Missed Opportunities

AB, the Clown Prince is living upto his name. And now he is obsessed with the headway that Ma-hinder the premiering type is making. The Clown we hear was peeved with the reception Ma-hinder got in Injun Land, especially the meeting with Soniya, the Gandhian lady. AB has been raised to believe that the Gandhi's are the sole property of the Bandas.

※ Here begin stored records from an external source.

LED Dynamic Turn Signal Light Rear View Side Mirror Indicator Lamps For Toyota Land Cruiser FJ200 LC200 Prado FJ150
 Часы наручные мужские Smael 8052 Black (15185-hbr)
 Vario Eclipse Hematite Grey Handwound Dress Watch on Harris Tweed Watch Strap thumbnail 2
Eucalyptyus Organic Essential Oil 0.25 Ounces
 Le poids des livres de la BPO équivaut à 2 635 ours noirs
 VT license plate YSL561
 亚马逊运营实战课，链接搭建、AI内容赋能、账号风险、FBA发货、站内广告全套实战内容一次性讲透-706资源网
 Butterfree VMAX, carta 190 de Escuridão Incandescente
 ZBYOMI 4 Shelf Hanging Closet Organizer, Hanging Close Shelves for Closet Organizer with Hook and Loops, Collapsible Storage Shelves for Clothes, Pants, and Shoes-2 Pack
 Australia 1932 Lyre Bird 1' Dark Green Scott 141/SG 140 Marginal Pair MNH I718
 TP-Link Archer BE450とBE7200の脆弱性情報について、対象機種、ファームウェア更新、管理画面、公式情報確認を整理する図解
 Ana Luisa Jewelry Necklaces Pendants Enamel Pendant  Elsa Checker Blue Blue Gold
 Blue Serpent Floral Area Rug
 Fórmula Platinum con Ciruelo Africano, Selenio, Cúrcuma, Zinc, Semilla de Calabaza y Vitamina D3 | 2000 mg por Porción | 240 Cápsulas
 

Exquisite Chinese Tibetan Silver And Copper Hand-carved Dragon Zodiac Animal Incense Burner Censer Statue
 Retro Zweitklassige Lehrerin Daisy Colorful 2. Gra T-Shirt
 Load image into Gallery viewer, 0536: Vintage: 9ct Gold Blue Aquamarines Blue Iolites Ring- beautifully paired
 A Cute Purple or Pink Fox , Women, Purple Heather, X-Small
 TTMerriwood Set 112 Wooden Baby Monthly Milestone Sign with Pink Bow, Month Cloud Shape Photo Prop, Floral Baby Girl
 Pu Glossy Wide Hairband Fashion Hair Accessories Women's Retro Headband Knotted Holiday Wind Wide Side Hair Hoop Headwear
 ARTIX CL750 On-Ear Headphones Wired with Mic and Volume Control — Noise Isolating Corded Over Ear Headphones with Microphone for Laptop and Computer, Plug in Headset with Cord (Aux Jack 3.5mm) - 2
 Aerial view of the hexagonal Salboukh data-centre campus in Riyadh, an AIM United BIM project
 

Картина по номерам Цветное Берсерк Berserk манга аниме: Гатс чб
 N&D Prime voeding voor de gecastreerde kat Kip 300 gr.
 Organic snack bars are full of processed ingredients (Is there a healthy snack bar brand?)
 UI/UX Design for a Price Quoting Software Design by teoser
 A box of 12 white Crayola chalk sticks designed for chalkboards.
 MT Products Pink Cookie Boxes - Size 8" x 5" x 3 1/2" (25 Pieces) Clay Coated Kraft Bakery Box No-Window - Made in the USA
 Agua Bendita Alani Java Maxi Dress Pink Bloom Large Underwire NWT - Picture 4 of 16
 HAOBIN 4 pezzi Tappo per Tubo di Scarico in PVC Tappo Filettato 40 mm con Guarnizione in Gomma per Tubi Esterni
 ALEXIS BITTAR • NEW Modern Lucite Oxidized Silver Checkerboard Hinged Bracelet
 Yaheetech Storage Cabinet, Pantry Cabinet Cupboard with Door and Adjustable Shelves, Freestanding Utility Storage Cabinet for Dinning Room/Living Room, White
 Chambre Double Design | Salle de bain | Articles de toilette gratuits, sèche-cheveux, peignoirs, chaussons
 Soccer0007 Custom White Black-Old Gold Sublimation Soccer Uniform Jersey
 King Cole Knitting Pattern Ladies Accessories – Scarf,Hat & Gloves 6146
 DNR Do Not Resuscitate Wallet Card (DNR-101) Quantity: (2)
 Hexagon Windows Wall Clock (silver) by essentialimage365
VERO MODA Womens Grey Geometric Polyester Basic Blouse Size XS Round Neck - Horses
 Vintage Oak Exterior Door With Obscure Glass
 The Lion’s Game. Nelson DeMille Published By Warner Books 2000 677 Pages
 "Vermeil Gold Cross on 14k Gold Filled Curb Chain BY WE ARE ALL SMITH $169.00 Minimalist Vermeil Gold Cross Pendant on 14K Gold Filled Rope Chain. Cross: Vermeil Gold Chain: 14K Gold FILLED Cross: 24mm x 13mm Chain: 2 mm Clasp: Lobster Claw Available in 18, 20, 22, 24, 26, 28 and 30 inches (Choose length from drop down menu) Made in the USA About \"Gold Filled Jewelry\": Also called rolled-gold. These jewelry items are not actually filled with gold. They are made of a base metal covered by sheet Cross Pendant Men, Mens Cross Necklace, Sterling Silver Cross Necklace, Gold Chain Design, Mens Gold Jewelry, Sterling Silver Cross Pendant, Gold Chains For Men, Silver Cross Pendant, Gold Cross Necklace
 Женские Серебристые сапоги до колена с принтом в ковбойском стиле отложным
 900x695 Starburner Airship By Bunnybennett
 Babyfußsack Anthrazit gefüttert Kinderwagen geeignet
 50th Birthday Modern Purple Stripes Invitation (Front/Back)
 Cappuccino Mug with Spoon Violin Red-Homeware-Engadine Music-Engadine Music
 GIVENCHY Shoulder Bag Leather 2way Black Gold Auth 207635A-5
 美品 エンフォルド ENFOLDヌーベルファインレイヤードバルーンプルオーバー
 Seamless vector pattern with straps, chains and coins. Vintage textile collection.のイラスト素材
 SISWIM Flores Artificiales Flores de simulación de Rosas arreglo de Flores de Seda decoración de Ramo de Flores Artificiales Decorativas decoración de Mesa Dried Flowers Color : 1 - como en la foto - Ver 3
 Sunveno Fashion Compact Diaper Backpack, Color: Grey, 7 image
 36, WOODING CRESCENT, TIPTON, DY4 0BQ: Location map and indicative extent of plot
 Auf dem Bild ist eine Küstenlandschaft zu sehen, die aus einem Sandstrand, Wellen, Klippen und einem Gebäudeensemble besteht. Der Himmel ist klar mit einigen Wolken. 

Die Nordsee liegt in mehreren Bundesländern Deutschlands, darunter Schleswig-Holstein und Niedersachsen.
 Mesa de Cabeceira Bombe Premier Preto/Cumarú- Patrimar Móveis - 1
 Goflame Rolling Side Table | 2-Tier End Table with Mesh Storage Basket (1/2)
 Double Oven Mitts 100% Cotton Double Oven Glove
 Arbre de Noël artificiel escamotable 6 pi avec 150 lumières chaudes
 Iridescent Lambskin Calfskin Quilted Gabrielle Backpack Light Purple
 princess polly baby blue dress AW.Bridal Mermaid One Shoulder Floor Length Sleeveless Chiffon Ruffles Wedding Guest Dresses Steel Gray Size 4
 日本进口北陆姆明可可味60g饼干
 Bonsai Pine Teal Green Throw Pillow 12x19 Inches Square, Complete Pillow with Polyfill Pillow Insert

So Banda took wing to Injun Land hoping for similar treatment. But despite all the media hype Clown Prince could not get an audience with the lady - not even after an extension of the trip by three days. But to pacify the sulking clown, he was promised an audience asap. Sin no! 

Plugging leaks

The Leading types were recently on the hunt inside the board that is all water, and the members were talking on record. So much so that they even agreed to get a union type to talk to the Leading rag. When the union chap was informed he was a no show. But the man had buzzed Thonda who in turn had buzzed Mangy, and pat came the order to all and sundry at the board that no one is to speak to the Leading types. And now we know why. So much for fighting corruption. Hee! Hee!

Tender Matters

It is not only at the watery board that battles are brewing. Last week when the board of the Salalihiniya, the idiot box type met, it nearly resembled a boxing bout. Barbs were flying high between the chairing man Zoo-hair and the clean general directing affairs Nee-Shantha the Runner-tunge. The new Blue and Red government is very obviously getting a baptism by fire with deals already holding center stage. What! Ahem! Ahem!

Unhealthy Matters

Healthy one Siri-parlour too was huffing and puffing last week, this was after the wild asses splashed details about a deal involving Three-posha. A very angry sounding Palour called the amiable Prem-jayanth the secretary that is general of the Sandanaya and said that all this was Mangy's doing and that if a stop was not put soon enough, Mangy's dirt too would be in public. Poor Prem had no option but to agree to put the reins on Mangy. But Mangy boy is pleading ignorance, which of course means the Parlour beating will continue apace. Ouch! 


And here is the latest joke on Satellite. The dear lady was taking a walk in her very Presidential lawn when she was struck with a very big stink. Looking around she came face to face with the words "President must go" written on the wall with very stinky stuff. The lady walked upto the security types and screamed herself hoarse that they could not prevent the s..tty letters from going up on her wall right under their noses. "I want you to find out who did this today," ordered the lady and walked off.

Later that evening, the head of the PSD walked up to her sheepishly and said, "Madam we have bad news and very bad news." Satellite wanted the bad news first, which was that tests had proved that its Ma-hinder who was responsible for the stinky stuff. "I knew, I knew, betrayed by my own kind," wailed Satellite, and asked "now what's the very bad news."

"Well madam it is Ra-kneel's hand writing." Chee! Chee!.